The new board will be made up of new faces, apart from interim chief executive Richard Pennycook, who plans to return to his former post as chief operating officer and continue to sit on the board once the reforms are in place next year.

"It will feel very different to the board today, which we have all acknowledged has been much too big [and] lacking the direct skills and competencies that are required of an organisation of this size and complexity," Mr Pennycook told reporters yesterday. "This marks the end of the rescue phase of the group."

The Co-op has asked recruitment specialists to advise on the qualities and experience needed in its new directors, and the amount they should be paid.

The shops-to-funerals organisation is also creating a council of up to 100 members, which will in turn nominate a senate to liaise with the board.
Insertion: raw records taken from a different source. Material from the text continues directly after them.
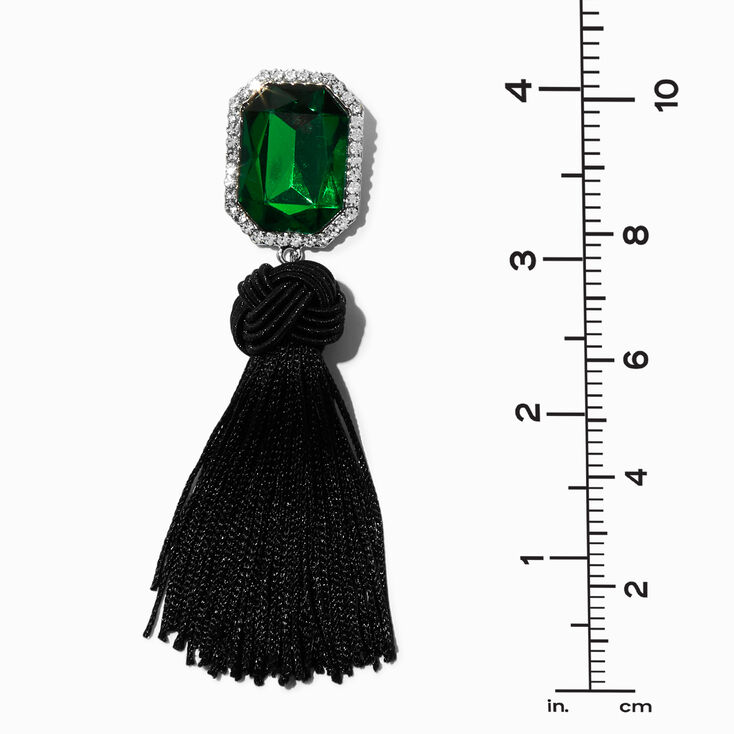 Emerald Green Gemstone &amp; Black Tassel 4&quot; Drop Earrings,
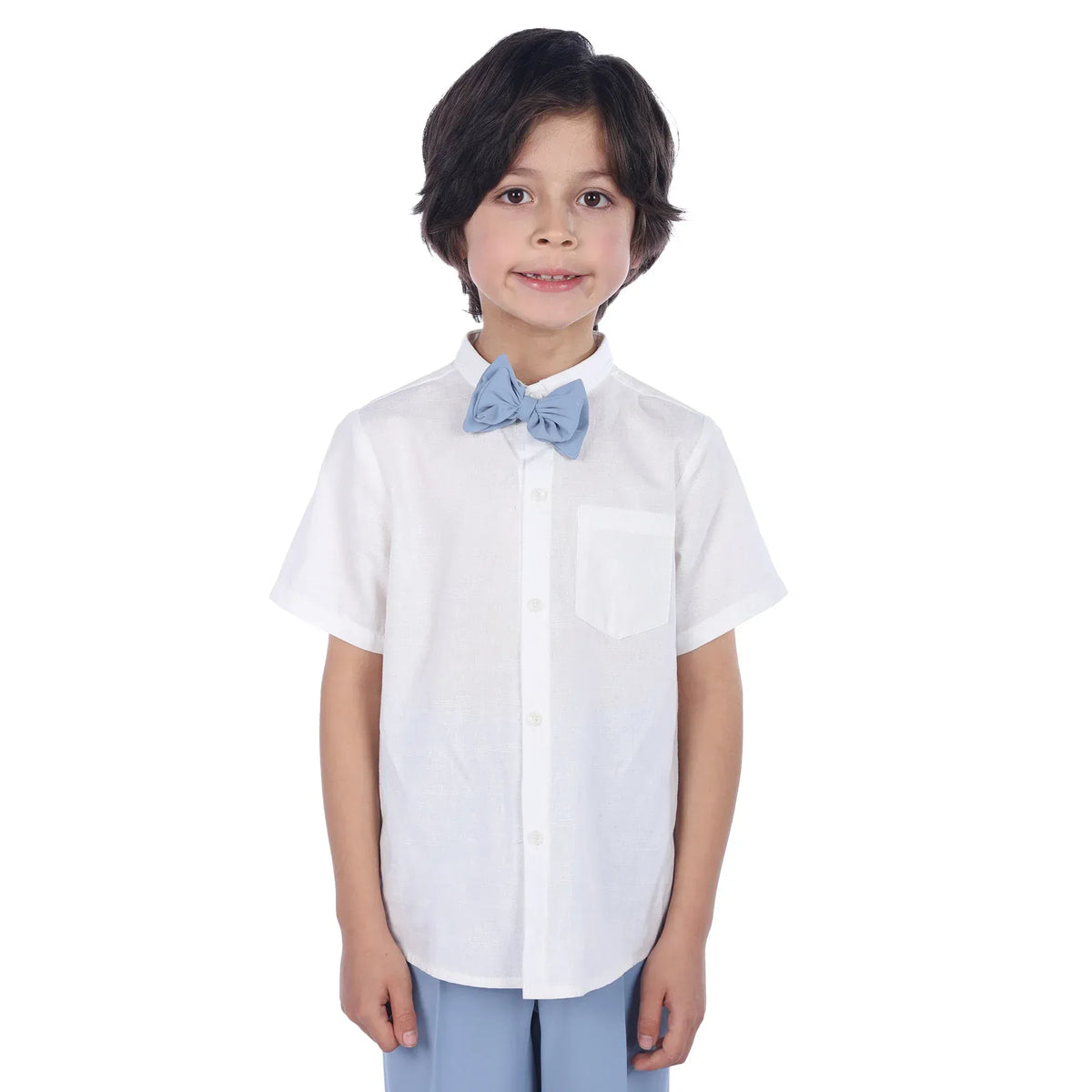 Off White Plain Formal Shirt For Boys Image
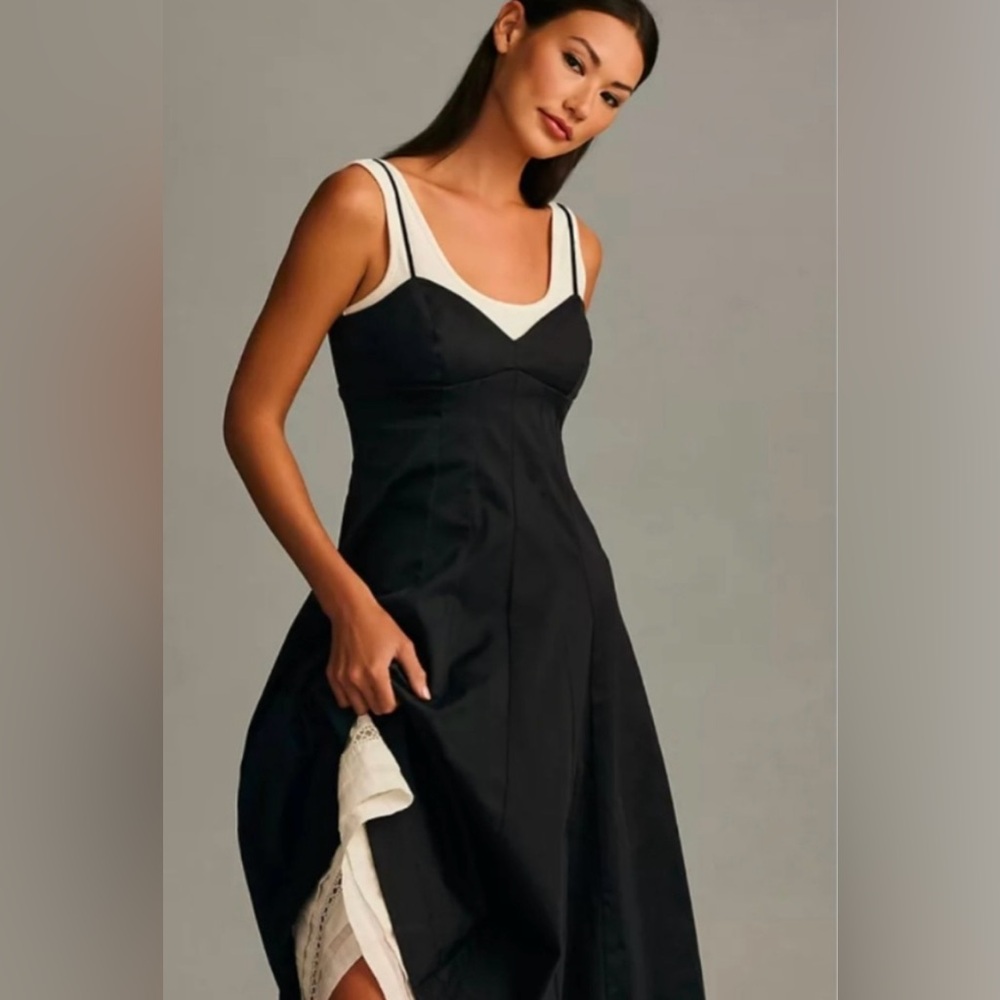 Anthropologie Layered Pleated Midi Dress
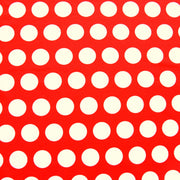 White Jumbo Dots on Orange/Red Nylon Lycra Swimsuit Fabric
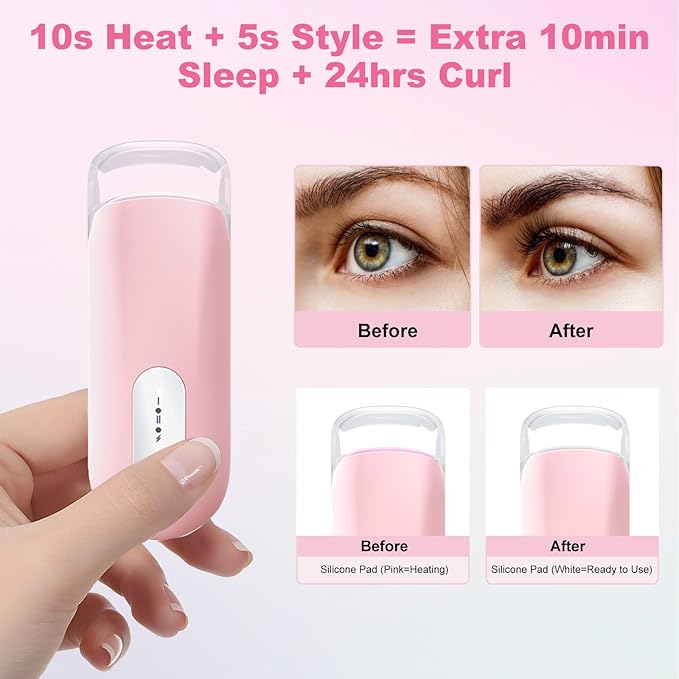 Visible Heated Eyelash Curler, Rechargeable Electric Eyelash Curlers 10S Fast Heat, Safe Anti-Burn Mini Heat Eye Lash Curler 24Hrs Long Lasting Natural C Curl Lashes (Pink)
The reforms will also see the mutual adopt a "one member, one vote" policy, as recommended by former board member Lord Myners, giving its eight million members an equal say on major business decisions such as takeovers and new directors. However, the inclusion of three directors chosen by the Co-op's members falls short of former director Lord Myners' recommendations in March for an independent and experienced board.

Members will vote on the proposed changes at a special meeting on August 30, with the new board expected to be in place by next year's general meeting. Until then, a transitional board with nine members will stay on to oversee the 150-year-old group.

The Co-op lost £2.5 billion last year after it uncovered a £1.5bn shortfall in its bank's balance sheet during a failed attempt to buy 632 Lloyds branches.

The group has faced criticism from politicians and business insiders for its unorthodox structure. Euan Sutherland, who quit as chief executive in March after 10 months in the job, said the firm in its current state was "ungovernable".

Prime Minister David Cameron said in November that "there are clearly a lot of questions that have to be answered" about the appointment of former chairman Paul Flowers, who pleaded guilty to drug offences in May.

As well as the board changes, the Co-op has in recent weeks sold its pharmacy branches and farming businesses to shore up its finances.

Mr Pennycook said the firm's cash handling operations will shortly be sold, but that the Co-op has now completed all of the major disposals it had planned.